Question is, do you want to continue with refining in the future ? I mean, serious refining. If your answer is yes, then invest in proper equipment.* As probably all members here know, I am strong advocate for induction furnance*. Small types going up to 7-8kW of real heating power are relatively cheap, selling under 800 bucks on Aliexpress. Despite the fact they are genuinely Chinese machines, they run nicely, and I never had any problem with them (actually we have two, one large 35kW one). And we abused them A LOT.
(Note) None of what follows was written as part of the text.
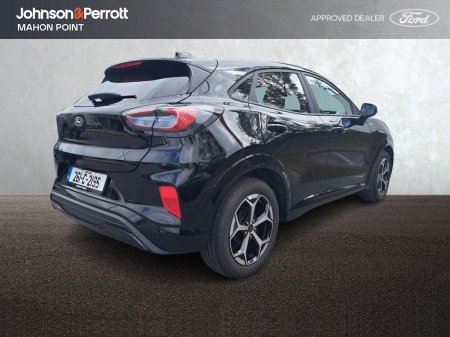 2026 Ford Puma - photo 2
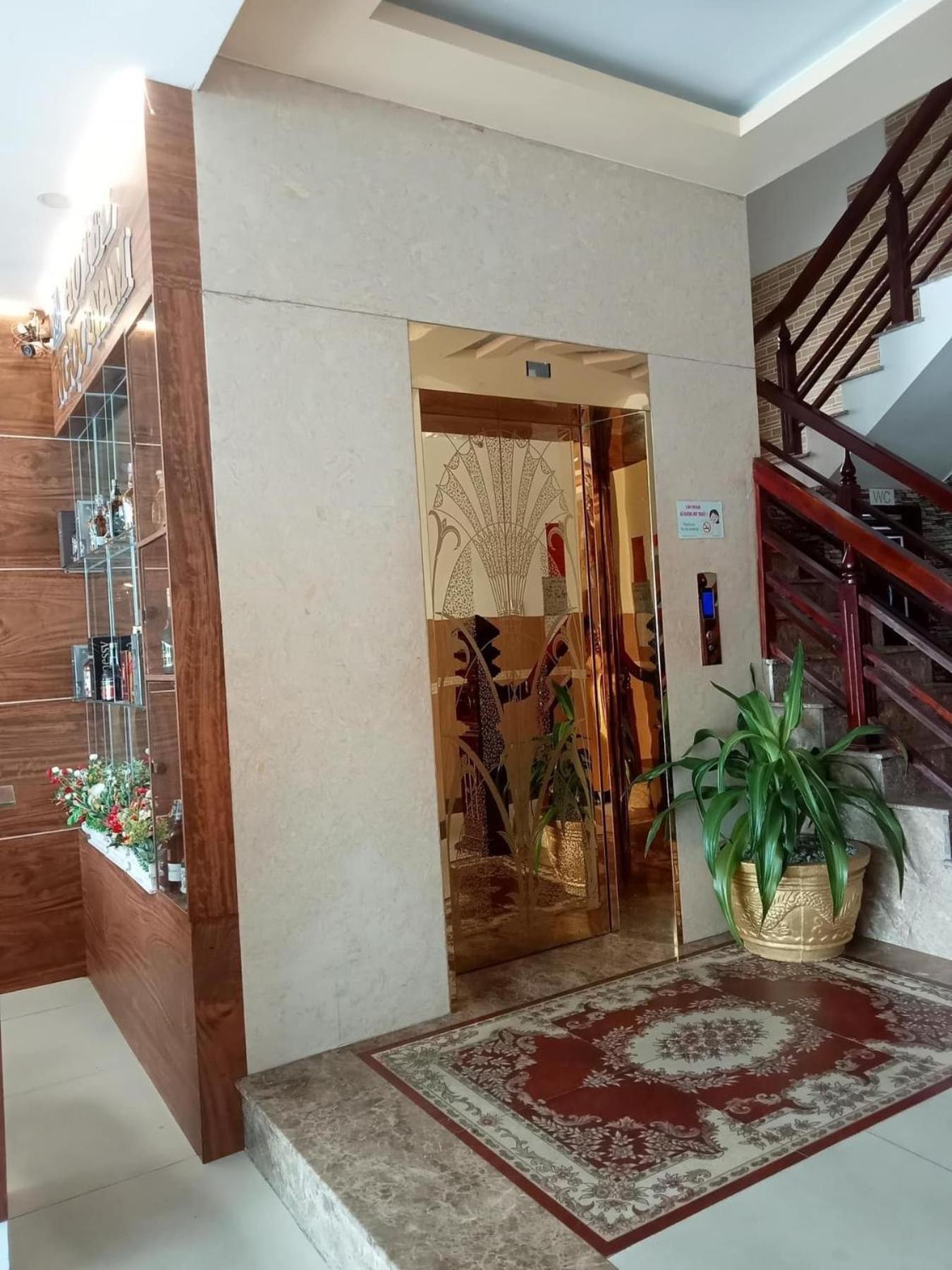 Ngoc Nam Hotel Ham Tan ภายนอก รูปภาพ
Practically ALL your casual melting can be done in an induction furnance. It is very energy effective heating device = proportion of heat used vs. necessary to attain the required temperature is very nice, compared to indirect heating techniques like using gas torch or gas furnance.* With induction, your temperature limit is practically sublimation point of carbon = using graphite crucibles allow you to go sanely to like 2000°C. Then it burns too quickly in the air  *

So not only for copper, gold and silver. Palladium and platinum like a piece of cake. Even rhodium is nicely melted, when you insert the magnesia crucible inside the graphite one to prevent carbides formation. I do not say this is proper melting technique for these metals (and for Pd certainly isn´t), but much easier and "better" than bleeding with handheld oxy-acetylene, spitting half of the charge around the melt dish, even if you try to not to.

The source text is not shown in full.